As a benchmark of social progress, the FIFA Women’s World Cup that got underway yesterday in New Zealand and Australia has much to applaud. For the first time, six countries will pay their female soccer players the same wages they paid their male counterparts in last year’s men’s World Cup.

That represents a hard-won gain. Yet economics is only one measure of value. This year’s tournament includes some surprising newcomers from countries or regions where women struggle for equality. Their ascendance to the highest level of international competition is evidence of the unique power of sports to uplift cultural attitudes about the worth and dignity of girls.

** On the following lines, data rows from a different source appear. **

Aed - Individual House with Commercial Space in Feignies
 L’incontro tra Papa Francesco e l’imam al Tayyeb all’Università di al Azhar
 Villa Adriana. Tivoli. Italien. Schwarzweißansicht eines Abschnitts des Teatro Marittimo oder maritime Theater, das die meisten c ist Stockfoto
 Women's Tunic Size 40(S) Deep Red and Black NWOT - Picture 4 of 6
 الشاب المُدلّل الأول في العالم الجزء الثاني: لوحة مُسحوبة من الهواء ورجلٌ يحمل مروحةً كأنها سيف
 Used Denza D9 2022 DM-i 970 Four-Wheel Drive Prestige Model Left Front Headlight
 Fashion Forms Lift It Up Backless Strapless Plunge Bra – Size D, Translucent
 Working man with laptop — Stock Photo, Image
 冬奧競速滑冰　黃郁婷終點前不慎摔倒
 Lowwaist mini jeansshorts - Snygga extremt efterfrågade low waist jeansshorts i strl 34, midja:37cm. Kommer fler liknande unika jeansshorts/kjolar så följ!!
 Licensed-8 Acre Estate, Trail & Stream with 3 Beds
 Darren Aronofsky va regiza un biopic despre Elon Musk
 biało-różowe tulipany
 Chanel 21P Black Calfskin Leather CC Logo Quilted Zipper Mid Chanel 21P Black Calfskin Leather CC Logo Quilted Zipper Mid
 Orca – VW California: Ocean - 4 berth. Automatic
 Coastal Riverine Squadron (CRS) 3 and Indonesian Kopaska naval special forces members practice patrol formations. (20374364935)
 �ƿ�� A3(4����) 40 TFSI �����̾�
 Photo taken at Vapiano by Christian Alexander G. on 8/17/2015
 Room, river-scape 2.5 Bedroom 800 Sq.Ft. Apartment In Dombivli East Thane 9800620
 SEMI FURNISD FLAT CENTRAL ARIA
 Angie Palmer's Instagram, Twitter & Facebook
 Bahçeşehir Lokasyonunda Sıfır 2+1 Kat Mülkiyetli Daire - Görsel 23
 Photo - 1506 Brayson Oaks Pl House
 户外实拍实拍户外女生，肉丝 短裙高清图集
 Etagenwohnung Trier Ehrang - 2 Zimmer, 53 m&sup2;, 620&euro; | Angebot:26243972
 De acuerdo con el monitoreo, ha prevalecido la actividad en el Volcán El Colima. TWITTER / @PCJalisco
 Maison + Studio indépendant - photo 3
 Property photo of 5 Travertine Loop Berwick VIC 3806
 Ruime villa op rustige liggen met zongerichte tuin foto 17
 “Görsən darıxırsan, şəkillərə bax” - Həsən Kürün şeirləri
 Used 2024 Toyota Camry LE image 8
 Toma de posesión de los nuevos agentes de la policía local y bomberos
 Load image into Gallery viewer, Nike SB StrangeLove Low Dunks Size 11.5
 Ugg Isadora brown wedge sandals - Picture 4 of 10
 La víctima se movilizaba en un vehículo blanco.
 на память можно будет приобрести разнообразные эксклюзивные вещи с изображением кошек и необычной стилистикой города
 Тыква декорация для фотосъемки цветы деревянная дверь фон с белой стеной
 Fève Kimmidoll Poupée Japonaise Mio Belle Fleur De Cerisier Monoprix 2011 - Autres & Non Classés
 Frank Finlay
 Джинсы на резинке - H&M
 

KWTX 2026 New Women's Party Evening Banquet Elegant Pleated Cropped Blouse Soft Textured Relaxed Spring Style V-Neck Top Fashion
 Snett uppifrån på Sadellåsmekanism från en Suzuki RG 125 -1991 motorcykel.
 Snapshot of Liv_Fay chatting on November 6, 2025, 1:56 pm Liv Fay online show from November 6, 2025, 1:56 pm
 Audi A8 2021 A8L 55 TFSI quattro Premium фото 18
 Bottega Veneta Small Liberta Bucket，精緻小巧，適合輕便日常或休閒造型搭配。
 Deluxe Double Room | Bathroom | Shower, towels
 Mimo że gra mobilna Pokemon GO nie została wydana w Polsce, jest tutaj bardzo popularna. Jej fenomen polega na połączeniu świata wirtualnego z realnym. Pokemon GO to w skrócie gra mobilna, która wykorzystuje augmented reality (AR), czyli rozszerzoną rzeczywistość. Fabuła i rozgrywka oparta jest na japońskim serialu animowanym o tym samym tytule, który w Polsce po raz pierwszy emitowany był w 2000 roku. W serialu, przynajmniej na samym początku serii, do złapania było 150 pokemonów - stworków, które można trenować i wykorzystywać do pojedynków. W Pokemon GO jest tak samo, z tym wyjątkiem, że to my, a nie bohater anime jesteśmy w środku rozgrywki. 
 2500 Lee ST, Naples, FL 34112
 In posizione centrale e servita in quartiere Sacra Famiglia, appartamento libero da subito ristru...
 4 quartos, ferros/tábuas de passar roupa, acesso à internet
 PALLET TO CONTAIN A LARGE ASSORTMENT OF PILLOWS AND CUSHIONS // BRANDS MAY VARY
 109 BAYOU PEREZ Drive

Take Vietnam, one of eight new teams making a debut this year. When the country’s Football Federation was established in 1989, girls were an afterthought. On Saturday afternoon New Zealand time (Friday night Eastern time), the women’s team will take the field against the United States, marking the first time the two countries have ever met in a sports match. The team’s rise charts a gradual societal shift marked by increased investment in education and opportunities for girls. The players are now national heroes.

“They have demonstrated the talents, intelligence, qualities, will and bravery of the Vietnamese people,” Prime Minister Pham Minh Chinh said.

Nearly 190 countries now have national women’s soccer teams. China now invests more in women’s soccer than in its men’s program. In Morocco, a focus on the women’s game in recent years by the Royal Moroccan Football Federation has helped transform attitudes across the Arab region. Last year, the country hosted the women’s Africa Cup of Nations. This year, it sent the first Arab women’s team to the World Cup.

“Sports don’t differentiate between genders,” said Idriss Benazzouza, a Moroccan fan who recently  took his daughter to see the national women’s professional team square off against the national armed forces women’s team. “I teach [my daughters] confidence, not fear,” he told Voice of America.

“Once every four years, we get a chance to celebrate the millions of women and girls who play soccer around the world,” Human Rights Watch wrote during the 2019 Women’s World Cup. It is “a chance to reflect on the fact that in many countries, women and girls have to fight to even get onto the playing field.” Yet once they do, they are capturing hearts and changing minds.

Editor's note: The original misstated the time of the match between the United States and Vietnam.